EXERCISE BRIEF:
Under this line are the records; repeat exactly the lines starting at the one containing "Duck's Sports Bar & Grill image" and ending at the one containing "華盛昌DT-9681W PM2.5空氣質(zhì)量檢測儀圖片3 華盛昌DT-9681W", omitting pictures.

START EXTRACTED DATA

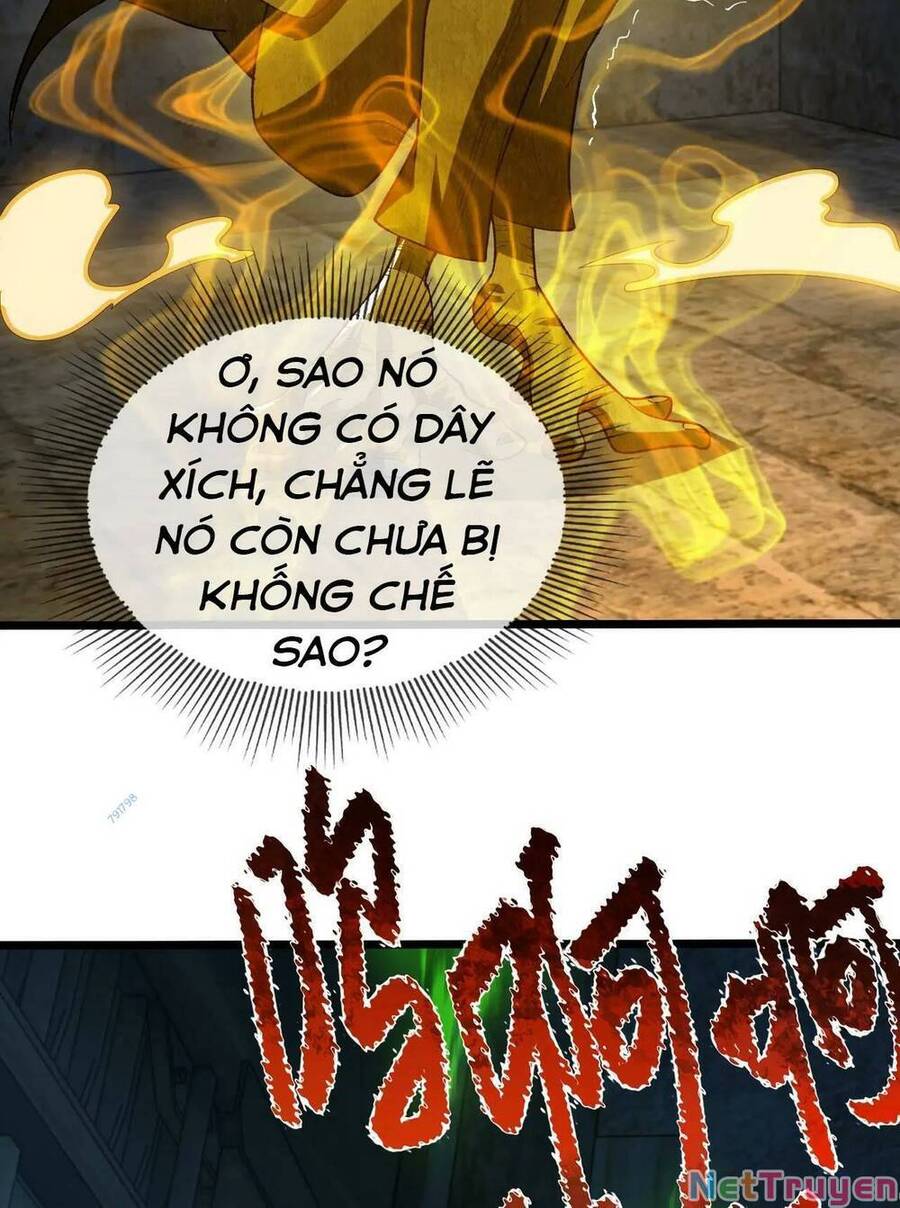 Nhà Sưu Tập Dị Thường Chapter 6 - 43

END EXTRACTED DATA
START EXTRACTED DATA

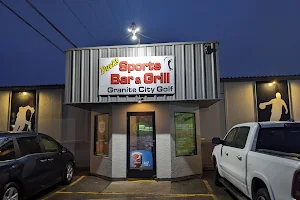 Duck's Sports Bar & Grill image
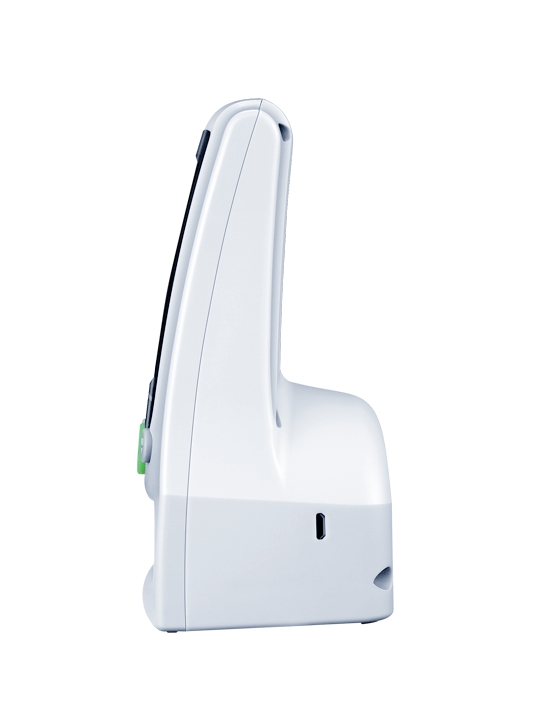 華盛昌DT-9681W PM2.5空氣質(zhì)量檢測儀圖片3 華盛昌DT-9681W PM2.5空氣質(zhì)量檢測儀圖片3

END EXTRACTED DATA

EXPECTED OUTPUT:
 Duck's Sports Bar & Grill image
 華盛昌DT-9681W PM2.5空氣質(zhì)量檢測儀圖片3 華盛昌DT-9681W PM2.5空氣質(zhì)量檢測儀圖片3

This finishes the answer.